I think one of the most common mistakes people make when they put in new measures into any business is underestimating the intelligence of the people they are measuring. I saw a strange example of this in the papers a few weeks ago, regarding the refit of trains for Southern Railway. They have decided to not have toilets on the new trains (bizarrely defending their position by saying the 66% of their trains will still have loos – if I’m on a train with a 5 year old who needs a pee – the train either 100% does or 100% does not have a toilet!). This seems like a strange decision, until you look at the justification. They talk about increased capacity (makes sense: more fares for no extra rolling stock or operating costs) but there’s also the reliability measures, a loo that goes wrong can take a train out of service and of course removing the loo means that maintenance and cleaning costs go down. So some pretty sensible measures – fare revenue, capacity, reliability and maintenance costs have resulted in a decision that seems totally nuts.

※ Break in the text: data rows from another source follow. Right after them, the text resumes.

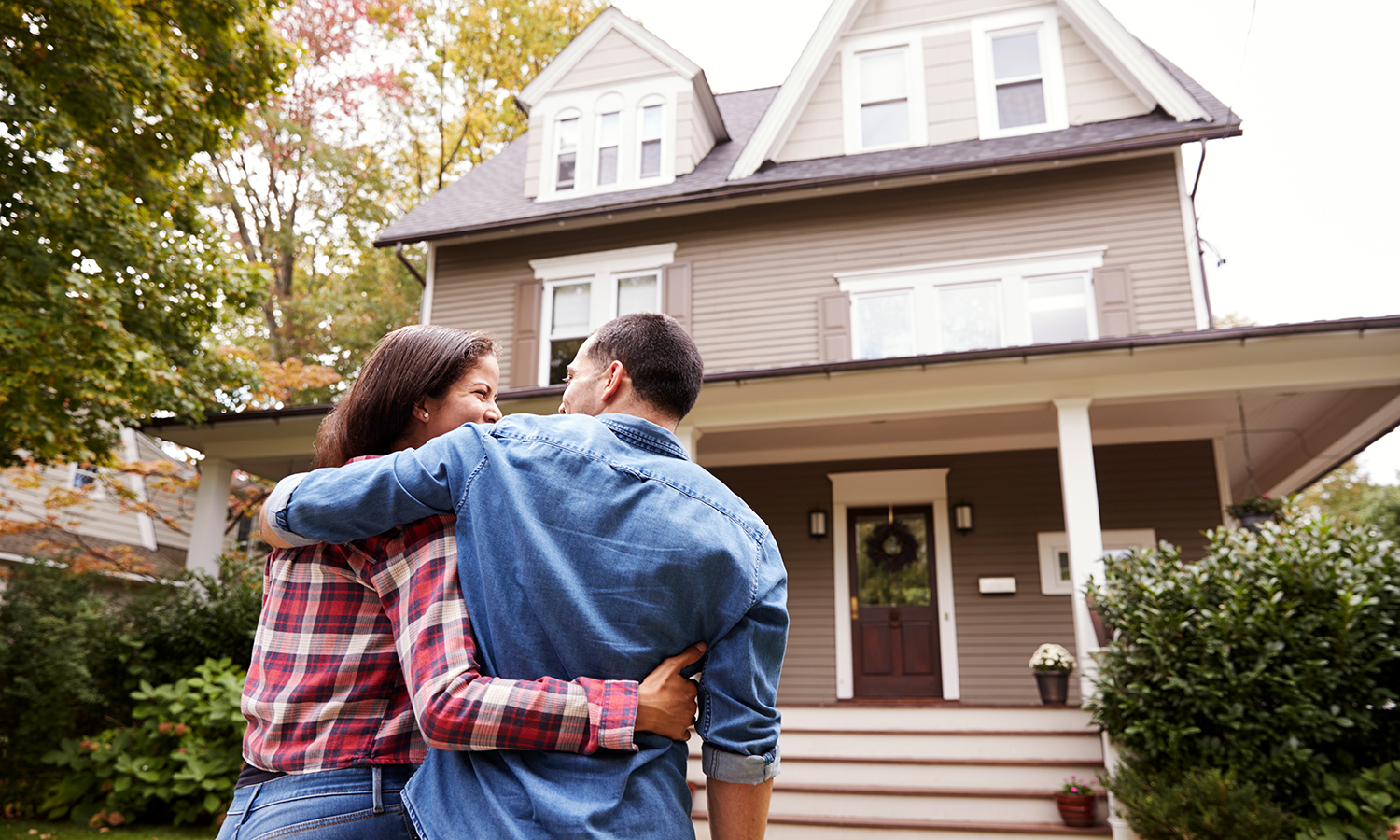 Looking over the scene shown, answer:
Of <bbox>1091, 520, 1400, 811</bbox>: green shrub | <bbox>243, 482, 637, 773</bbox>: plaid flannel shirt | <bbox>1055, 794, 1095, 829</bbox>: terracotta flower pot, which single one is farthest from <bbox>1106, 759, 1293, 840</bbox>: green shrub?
<bbox>243, 482, 637, 773</bbox>: plaid flannel shirt

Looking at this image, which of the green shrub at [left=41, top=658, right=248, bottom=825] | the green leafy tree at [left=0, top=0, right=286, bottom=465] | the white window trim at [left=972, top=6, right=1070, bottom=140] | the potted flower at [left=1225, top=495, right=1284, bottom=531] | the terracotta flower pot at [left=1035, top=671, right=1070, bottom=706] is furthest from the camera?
the white window trim at [left=972, top=6, right=1070, bottom=140]

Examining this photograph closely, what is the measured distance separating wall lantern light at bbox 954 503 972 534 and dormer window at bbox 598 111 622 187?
601 centimetres

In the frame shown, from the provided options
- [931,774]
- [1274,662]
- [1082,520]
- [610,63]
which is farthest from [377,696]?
[610,63]

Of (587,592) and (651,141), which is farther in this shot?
(651,141)

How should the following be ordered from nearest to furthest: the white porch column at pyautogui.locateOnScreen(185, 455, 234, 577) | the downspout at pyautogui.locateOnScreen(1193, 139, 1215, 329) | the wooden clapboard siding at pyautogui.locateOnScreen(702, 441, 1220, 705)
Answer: the downspout at pyautogui.locateOnScreen(1193, 139, 1215, 329) < the wooden clapboard siding at pyautogui.locateOnScreen(702, 441, 1220, 705) < the white porch column at pyautogui.locateOnScreen(185, 455, 234, 577)

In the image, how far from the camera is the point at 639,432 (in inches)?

How does this happen? People are great a playing games. I don’t mean this in a derogatory sense. It’s no accident that people love playing chess, Modern Warfare 2 and the rest. People are very, very good at taking a set of rules and making sure they get the outcome that is personally important to them. There’s a whole organisational behaviour dimension to this, and I’m not even going to touch that – but it’s worth thinking about the implied rules that you impose when you start to put measures, KPIs and targets into a business.
It might just be better to look at this as if you were writing the rule book for a new board game.